▸ **Problem to solve**:
Only lines with the string "Floral" are wanted. Pull them out of the data.

Crawled caption data:
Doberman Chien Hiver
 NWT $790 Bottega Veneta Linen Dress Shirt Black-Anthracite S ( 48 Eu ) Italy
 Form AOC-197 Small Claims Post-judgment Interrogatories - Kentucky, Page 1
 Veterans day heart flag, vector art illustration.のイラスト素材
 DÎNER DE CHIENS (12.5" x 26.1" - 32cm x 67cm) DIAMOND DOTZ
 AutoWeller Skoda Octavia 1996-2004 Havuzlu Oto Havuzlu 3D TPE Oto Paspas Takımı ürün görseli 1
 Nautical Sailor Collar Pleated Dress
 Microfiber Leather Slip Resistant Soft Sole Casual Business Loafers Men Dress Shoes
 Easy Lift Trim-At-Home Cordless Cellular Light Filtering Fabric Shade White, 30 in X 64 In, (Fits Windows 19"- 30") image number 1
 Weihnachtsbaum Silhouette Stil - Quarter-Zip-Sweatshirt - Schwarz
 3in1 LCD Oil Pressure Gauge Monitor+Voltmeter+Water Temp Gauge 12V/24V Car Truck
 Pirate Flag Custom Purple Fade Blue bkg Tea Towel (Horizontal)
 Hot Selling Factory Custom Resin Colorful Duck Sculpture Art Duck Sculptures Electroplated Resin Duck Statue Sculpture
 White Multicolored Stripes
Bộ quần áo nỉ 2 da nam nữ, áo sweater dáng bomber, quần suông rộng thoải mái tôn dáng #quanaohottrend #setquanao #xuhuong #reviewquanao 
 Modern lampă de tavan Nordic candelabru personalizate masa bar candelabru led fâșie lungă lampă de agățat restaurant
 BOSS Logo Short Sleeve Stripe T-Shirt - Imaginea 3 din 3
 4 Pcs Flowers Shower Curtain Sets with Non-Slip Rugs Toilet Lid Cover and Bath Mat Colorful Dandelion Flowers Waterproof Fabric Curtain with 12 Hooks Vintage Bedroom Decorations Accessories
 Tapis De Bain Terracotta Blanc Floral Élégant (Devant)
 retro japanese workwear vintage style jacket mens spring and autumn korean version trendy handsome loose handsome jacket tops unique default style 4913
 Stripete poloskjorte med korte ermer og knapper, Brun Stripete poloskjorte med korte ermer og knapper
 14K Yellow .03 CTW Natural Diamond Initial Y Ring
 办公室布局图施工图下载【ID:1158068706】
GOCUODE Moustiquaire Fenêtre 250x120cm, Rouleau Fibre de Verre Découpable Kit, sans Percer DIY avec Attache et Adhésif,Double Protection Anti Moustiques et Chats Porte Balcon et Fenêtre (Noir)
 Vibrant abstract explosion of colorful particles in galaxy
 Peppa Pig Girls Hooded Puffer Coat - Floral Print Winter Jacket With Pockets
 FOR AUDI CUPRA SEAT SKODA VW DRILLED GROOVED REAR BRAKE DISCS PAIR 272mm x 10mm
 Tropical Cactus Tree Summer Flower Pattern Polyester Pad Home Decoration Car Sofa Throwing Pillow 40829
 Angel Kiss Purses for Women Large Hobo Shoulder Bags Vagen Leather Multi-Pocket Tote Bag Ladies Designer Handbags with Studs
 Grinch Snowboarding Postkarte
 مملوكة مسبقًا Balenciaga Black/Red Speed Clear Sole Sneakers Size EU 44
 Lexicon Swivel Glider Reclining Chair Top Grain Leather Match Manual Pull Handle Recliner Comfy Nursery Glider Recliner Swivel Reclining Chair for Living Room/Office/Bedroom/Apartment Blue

▸ **Exercise answer**:
 Tapis De Bain Terracotta Blanc Floral Élégant (Devant)
 Peppa Pig Girls Hooded Puffer Coat - Floral Print Winter Jacket With Pockets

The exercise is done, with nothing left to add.